Exercise goal
Once you reach the line with "Oh Deer Im Queer" in the material below, copy each line exactly up to and including the line with "XIEEAOZEE Dog Car", and skip the pictures.

Data provided
───

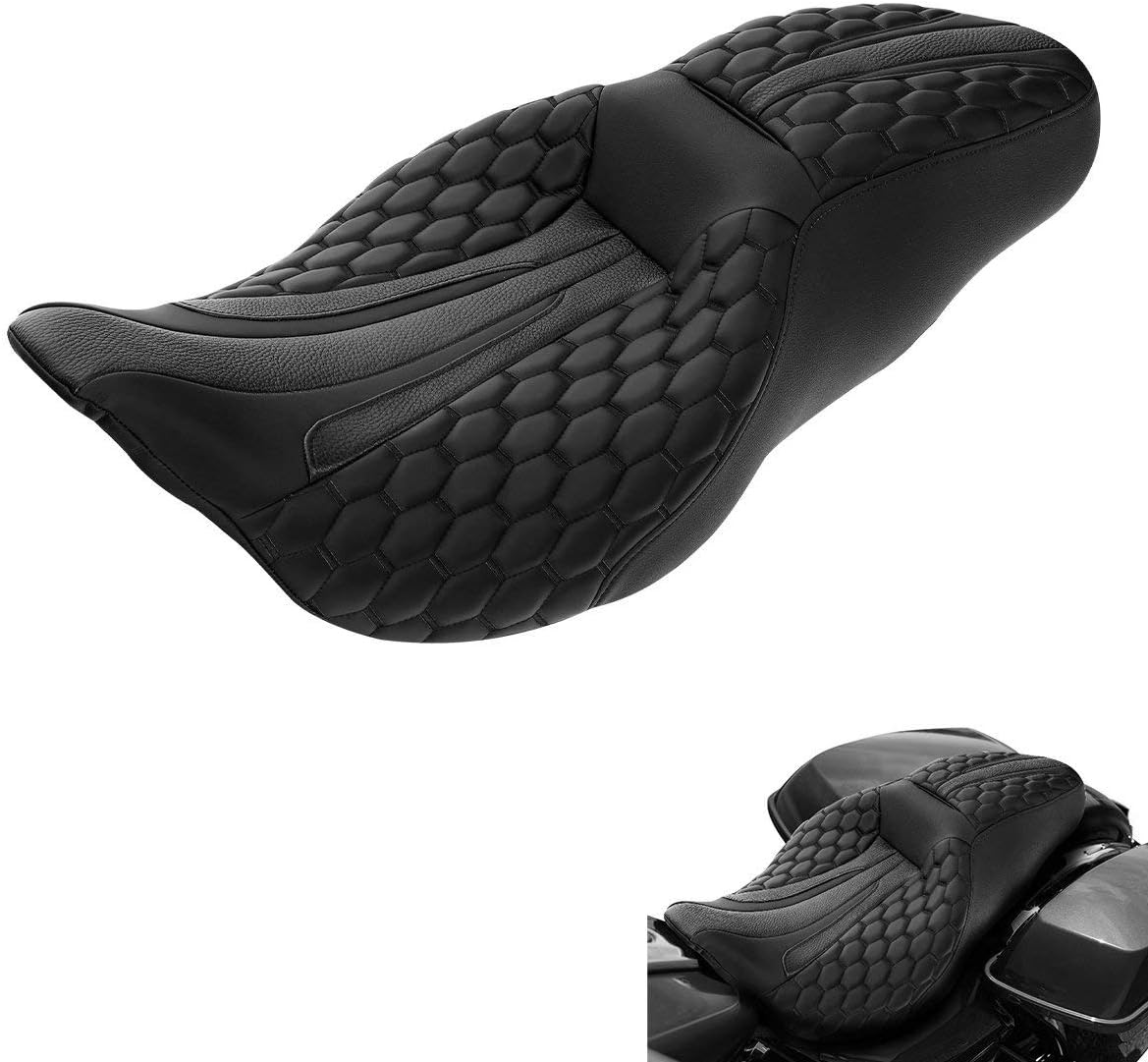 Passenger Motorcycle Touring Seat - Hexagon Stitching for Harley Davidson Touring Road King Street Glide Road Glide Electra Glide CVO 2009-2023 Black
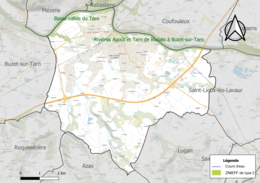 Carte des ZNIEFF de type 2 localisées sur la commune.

───

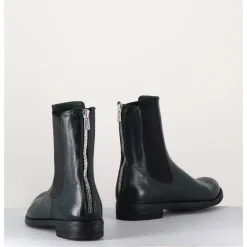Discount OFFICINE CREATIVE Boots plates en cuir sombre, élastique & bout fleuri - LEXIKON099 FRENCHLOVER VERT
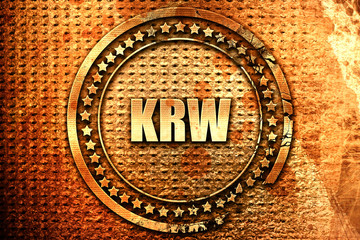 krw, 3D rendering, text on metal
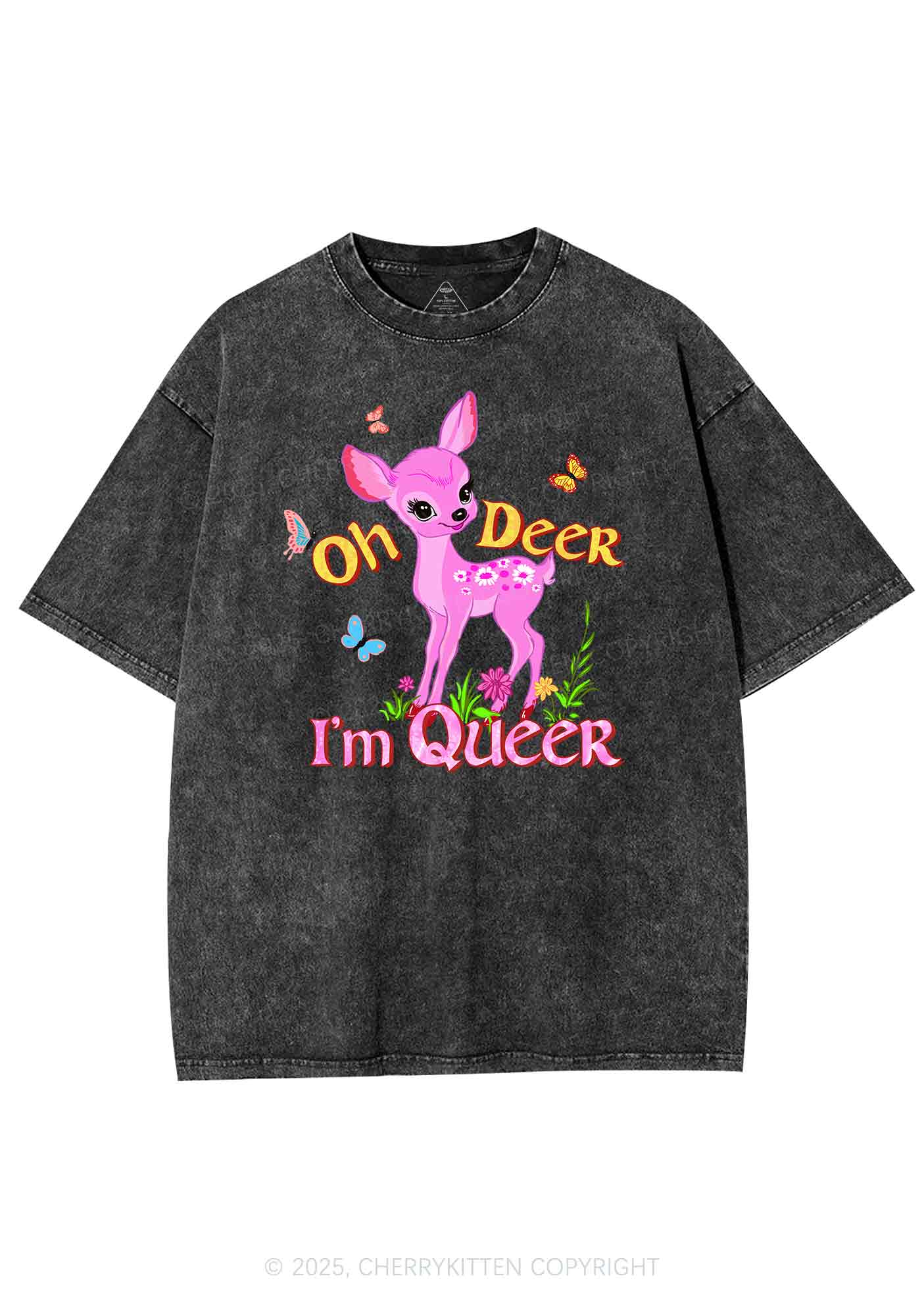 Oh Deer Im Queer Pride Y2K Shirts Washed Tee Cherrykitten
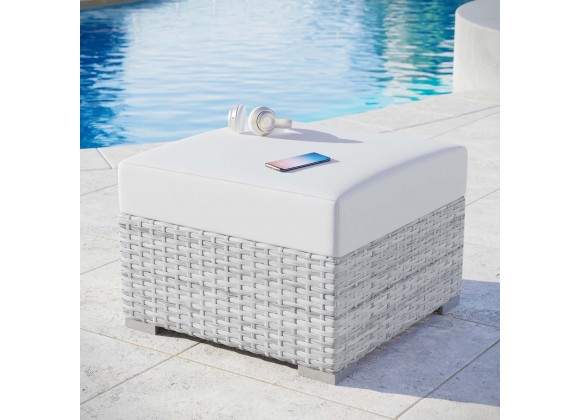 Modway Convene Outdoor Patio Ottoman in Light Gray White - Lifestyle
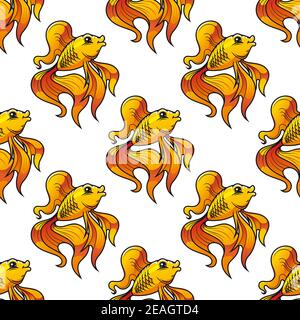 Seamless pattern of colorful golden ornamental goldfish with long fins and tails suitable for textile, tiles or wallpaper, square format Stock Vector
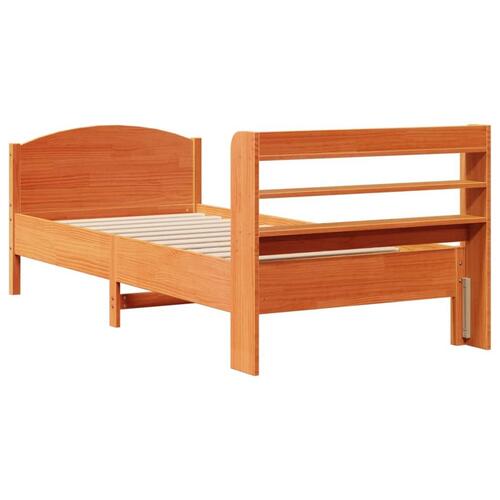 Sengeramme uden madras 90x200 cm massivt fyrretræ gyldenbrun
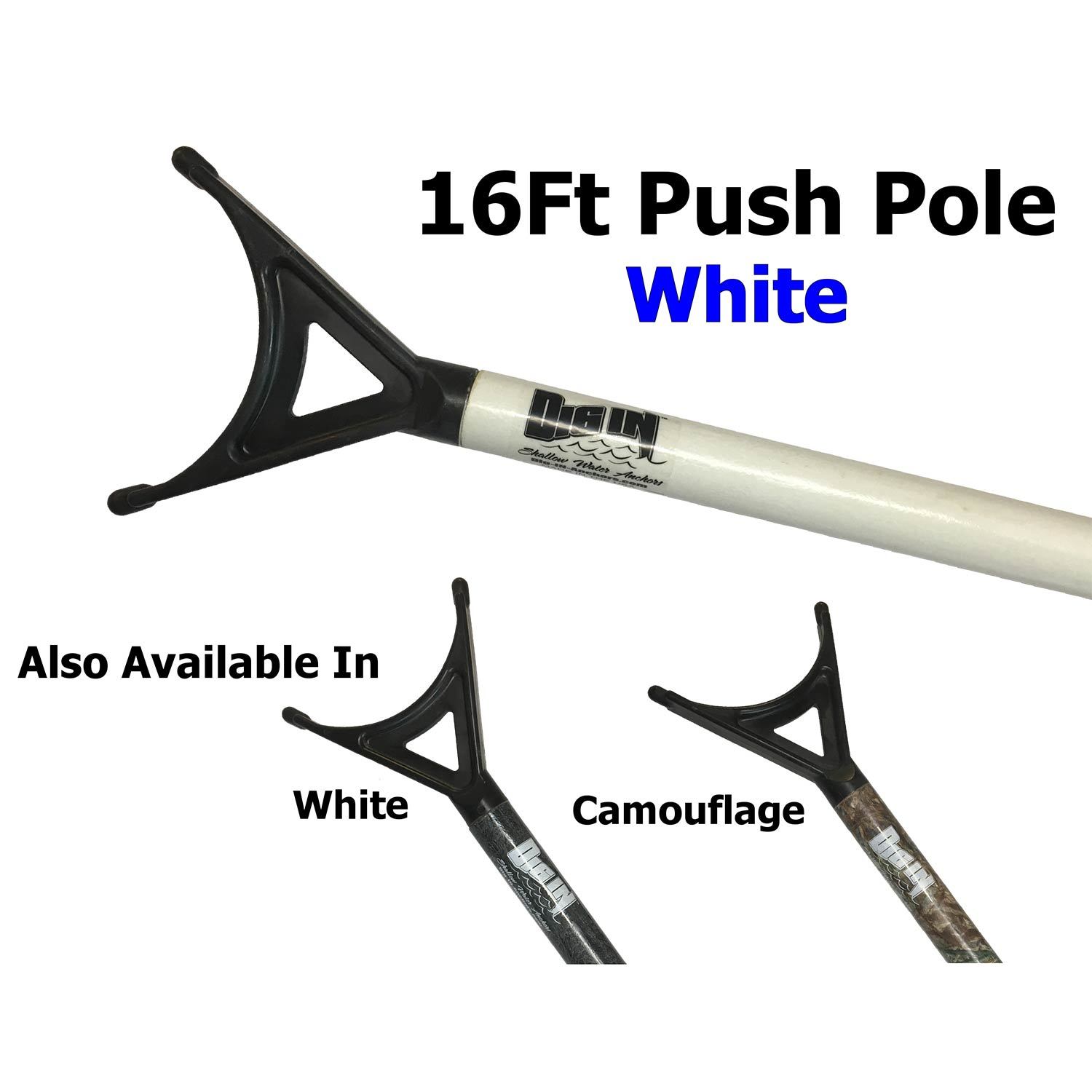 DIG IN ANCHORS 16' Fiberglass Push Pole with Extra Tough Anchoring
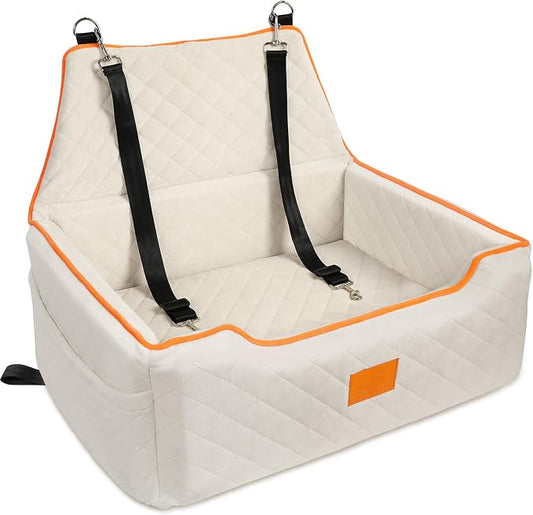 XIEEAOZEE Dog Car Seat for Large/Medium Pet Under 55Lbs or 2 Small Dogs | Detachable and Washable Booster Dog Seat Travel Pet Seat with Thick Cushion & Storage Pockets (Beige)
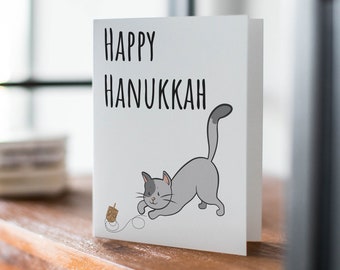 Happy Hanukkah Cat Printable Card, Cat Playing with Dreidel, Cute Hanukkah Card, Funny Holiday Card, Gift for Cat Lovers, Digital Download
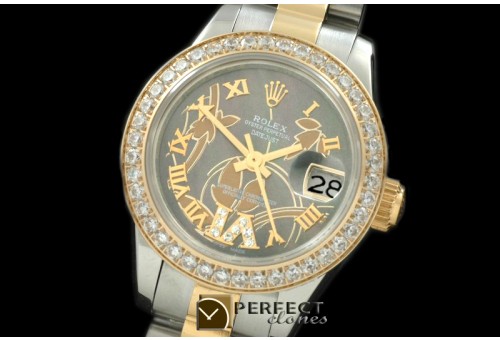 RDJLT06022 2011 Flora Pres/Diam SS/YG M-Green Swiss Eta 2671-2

───

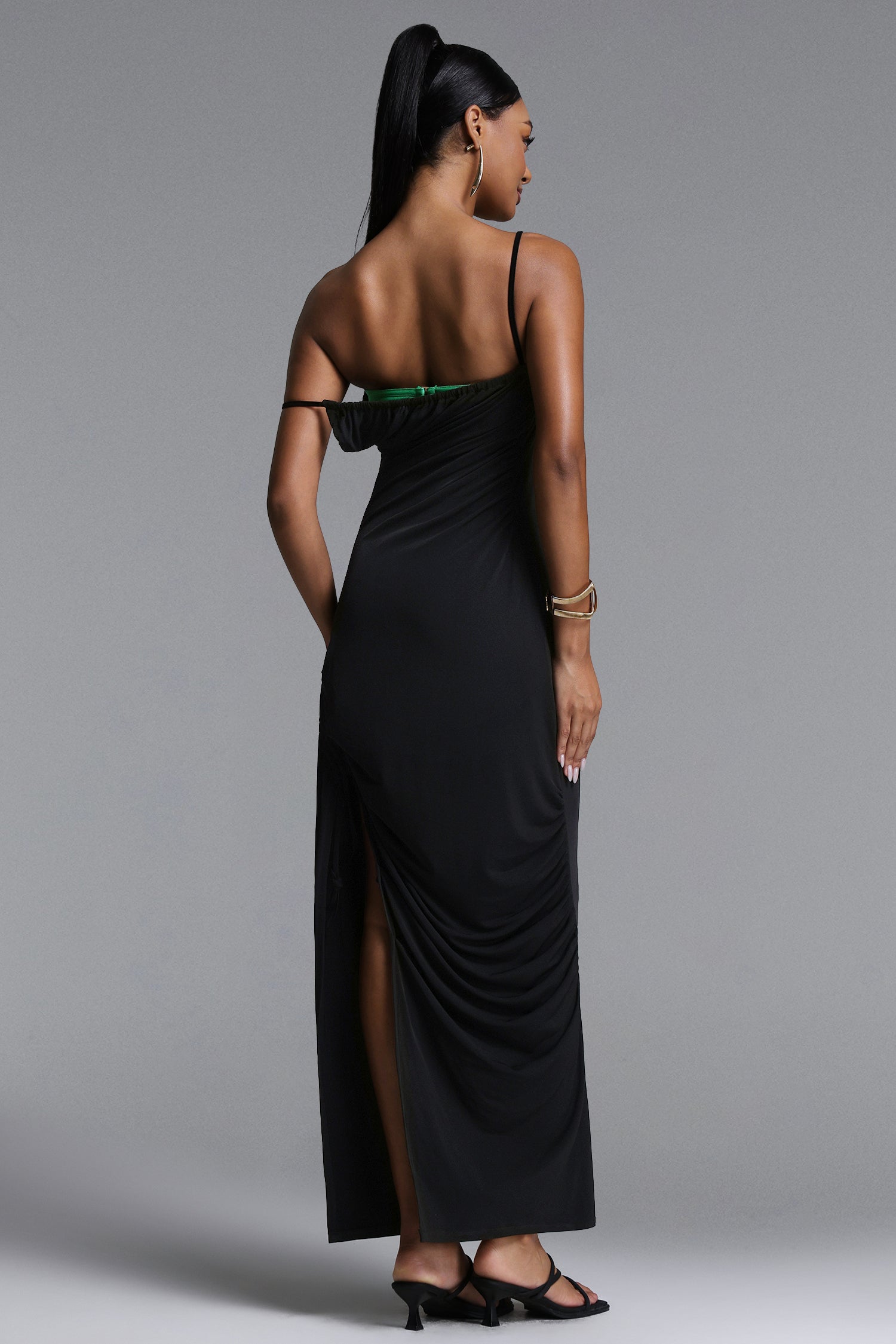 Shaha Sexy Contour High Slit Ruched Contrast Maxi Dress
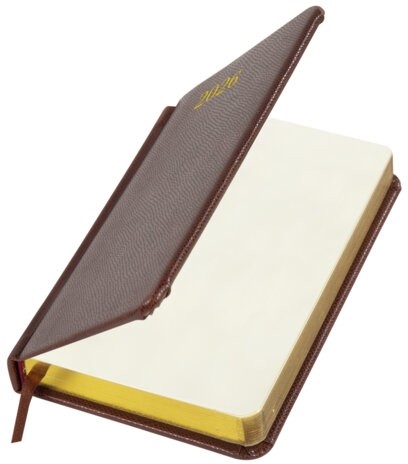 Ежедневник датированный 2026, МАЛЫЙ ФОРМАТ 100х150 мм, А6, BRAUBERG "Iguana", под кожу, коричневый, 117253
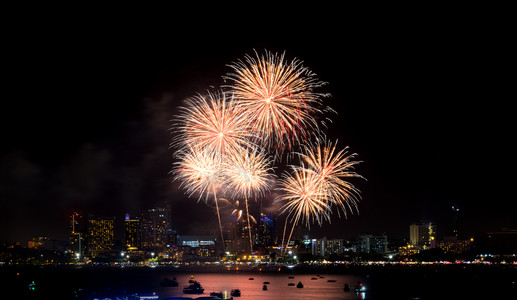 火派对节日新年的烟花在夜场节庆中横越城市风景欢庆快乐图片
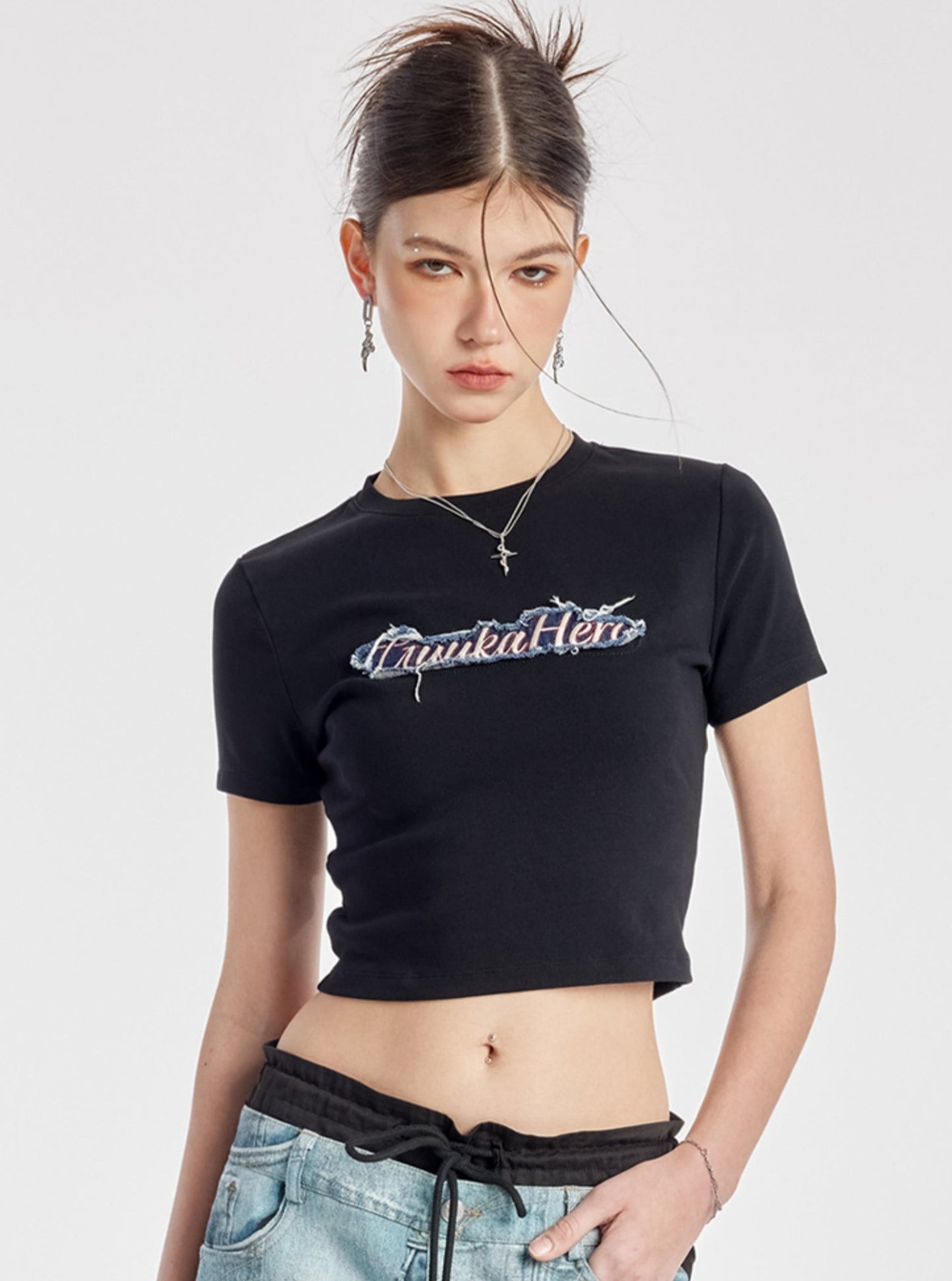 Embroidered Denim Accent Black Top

───

Solution to the exercise
 Oh Deer Im Queer Pride Y2K Shirts Washed Tee Cherrykitten
 Modway Convene Outdoor Patio Ottoman in Light Gray White - Lifestyle
 Seamless pattern of colorful golden ornamental goldfish with long fins and tails suitable for textile, tiles or wallpaper, square format Stock Vector
 Sengeramme uden madras 90x200 cm massivt fyrretræ gyldenbrun
 DIG IN ANCHORS 16' Fiberglass Push Pole with Extra Tough Anchoring
 XIEEAOZEE Dog Car Seat for Large/Medium Pet Under 55Lbs or 2 Small Dogs | Detachable and Washable Booster Dog Seat Travel Pet Seat with Thick Cushion & Storage Pockets (Beige)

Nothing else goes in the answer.